Dataset items
--------------------------------------------------
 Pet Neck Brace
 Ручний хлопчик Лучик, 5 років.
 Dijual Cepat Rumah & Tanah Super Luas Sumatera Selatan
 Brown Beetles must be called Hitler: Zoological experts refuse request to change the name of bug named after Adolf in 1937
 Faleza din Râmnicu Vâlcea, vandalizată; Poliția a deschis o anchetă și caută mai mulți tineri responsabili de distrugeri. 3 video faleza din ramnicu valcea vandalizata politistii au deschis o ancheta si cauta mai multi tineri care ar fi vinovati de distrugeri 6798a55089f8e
--------------------------------------------------
Your instructions:
The required output is the line holding "Brown Beetles must" plus every line after it in the data, reproduced exactly.

Solution to this exercise:
 Brown Beetles must be called Hitler: Zoological experts refuse request to change the name of bug named after Adolf in 1937
 Faleza din Râmnicu Vâlcea, vandalizată; Poliția a deschis o anchetă și caută mai mulți tineri responsabili de distrugeri. 3 video faleza din ramnicu valcea vandalizata politistii au deschis o ancheta si cauta mai multi tineri care ar fi vinovati de distrugeri 6798a55089f8e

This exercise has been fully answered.